Est-ce à dire qu'il soit très indiqué de s'attarder par exemple sur les spectacles macabres de la guerre dont certains enfants ont été les témoins et de leur donner une large publicité ?

 

Sauf dans les cas très particuliers, les enfants ne se complaisent pas aux détails trop réalistes. D'eux-mêmes, ils font en général la censure pour tout ce qui a bouleversé trop profondément leur sensibilité. Qu'on relise le si émouvant récit de « Déporté » dans nos Enfantines. Ce petit garçon qui a vécu bravement, héroïquement l'existence la plus atroce de la guerre, n'a rapporté pour les autres que des détails pour ainsi dire licites. Certes, il a vu des monceaux de cadavres partir au four crématoire, mais son récit reste sobre, à l'écart des précisions trop réalistes :

 

On mourait de la vermine, de la peste, du typhus. Il y avait beaucoup de morts. C'étaient les hommes qui nous surveillaient qui venaient prendre les cadavres. Parfois, il y en avait des tas, des pleines charrettes qu'on brûlait au four crématoire. Nuit et jour, une odeur âcre montait, si écoeurante, qu'on pouvait à peine la respirer.

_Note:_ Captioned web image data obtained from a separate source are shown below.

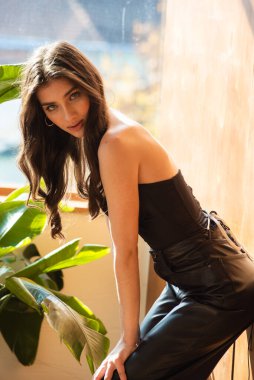 Siyah saçlı ve siyah makyajlı çekici bir kadının portresi evde poz veriyor.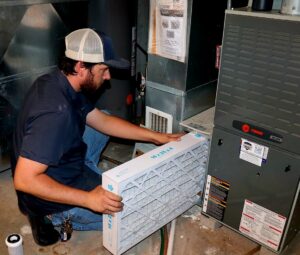 An HVAC technician replacing a furnace filter during a service call for Stoker Mechanical Heating & Air Conditioning in Lawrence, KS.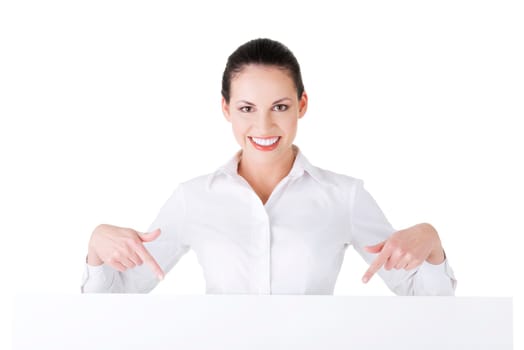 Attractive businesswoman holding blank board. Isolated on white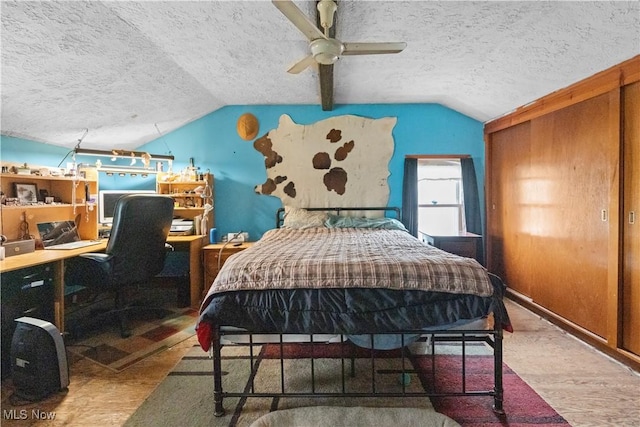 bedroom featuring lofted ceiling, a textured ceiling, and wood finished floors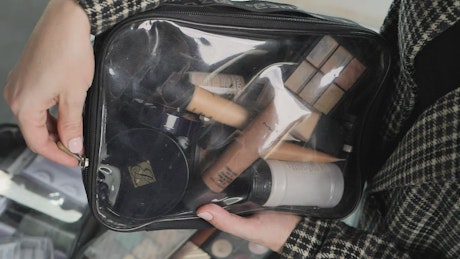 Woman opening a bag with makeup
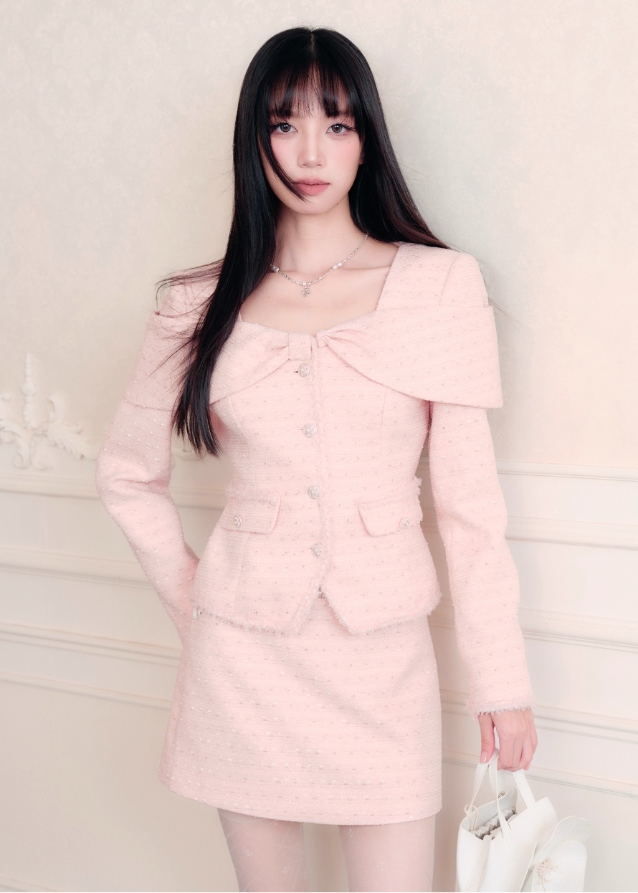 Fragileheart tweed set, pink bow jacket, luxury Korean fashion, elegant two-piece outfit, pastel tweed suit, quiet luxury womenswear, soft pink ensemble, French small fragrance style, K-fashion 2025, feminine office outfit, luxury tweed mini skirt set, romantic pastel look, modern elegant fashion, couture-inspired outfit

J'ai vu des spectacles si horribles que je ne pourrais jamais plus en parler.

 

Qui se reconnaîtrait le droit de barrer d'un trait de plume cette vérité profonde de l'enfant ? Seul un égoïste invétéré qui aurait la facilité de tirer son épingle du jeu en vivant, à l'écart de l'aventure humaine, dans une solitude confortable, pourrait s'arroger ce droit de censure à l'égard d'un jeune héros qui a le devoir de parler. Nous ne nous permettrons point de nier que la réalité de la guerre assassinera les enfants et les hommes. C'est en restant réalistes aujourd'hui que nous serons lucides demain pour éviter à l'enfant, injustement frappé, les camps de la mort dont trop d'hommes ont fait la triste expérience, et les formes multiples de l'assassinat que l'injustice humaine perpètre. L'enfant qui souffre, l'enfant qui veut vivre, a droit à la parole.

 

Les sujets scabreux

 

Le sujet ne fait pas la valeur d'un texte, bien entendu, mais cependant il est des thèmes qui nuisent parfois à l'expression enfantine et qu'on doit avoir le droit d'écarter résolument. A la campagne, nos petits paysans sont parfois les témoins de scènes de brutalité vis-à-vis des bêtes et des gens et, à la ville, le spectacle de la rue n'est pas toujours à décrire. Les ivrognes, les détraqués ont bien souvent la vedette dans certains quartiers. Dans nombre de familles, ça ne tourne pas toujours bien rond non plus et il est des incidents pénibles dont nous pouvons retrouver le récit dans nos textes enfantins. Que faut-il faire ?

 

Comme toujours, il faut suivre la ligne de l'intérêt général de la classe et affronter carrément la réalité, ce qui ne veut pas dire être esclave de cette réalité. De toute façon les textes qui mettent en cause la famille ou des personnalités en les présentant sous un jour peu favorable, doivent être tout de suite écartés. Restent les récits sur lesquels on peut tiquer sans les reconnaître franchement dangereux. S'ils ont l'oreille de la classe, le mieux est donc d'essayer de les humaniser en faisant apporter par le narrateur des détails nouveaux qui corrigent l'impression pénible et le ton de mauvais goût.

 

La sensibilité de l'enfant n'est pas forcément distinguée et éprise de poésie. Il est des gamins frustes et réalistes qui voient le détail cru, la chose exacte même laide à montrer. Il arrive que leurs textes enlèvent la majorité des suffrages... Bonne occasion alors pour civiliser un réalisme qui, dans un texte d'enfant, paraît une faute contre la bonne tenue.

 

La majorité, pour ne pas dire la totalité des textes lus par des enfants, et réalisés par eux peut être regardée comme licite. Tous les sujets sont abordables, mais il faut évidemment savoir les aborder.

 

Voici une mauvaise façon de laisser à l'enfant la liberté d'expression sur un thème dangereux :

 

« Léonie vit seule dans sa maison toute démolie. Le toit est tout percé. Il pleut dedans et dehors, c'est plein de balayures, d'épluchures, de saletés.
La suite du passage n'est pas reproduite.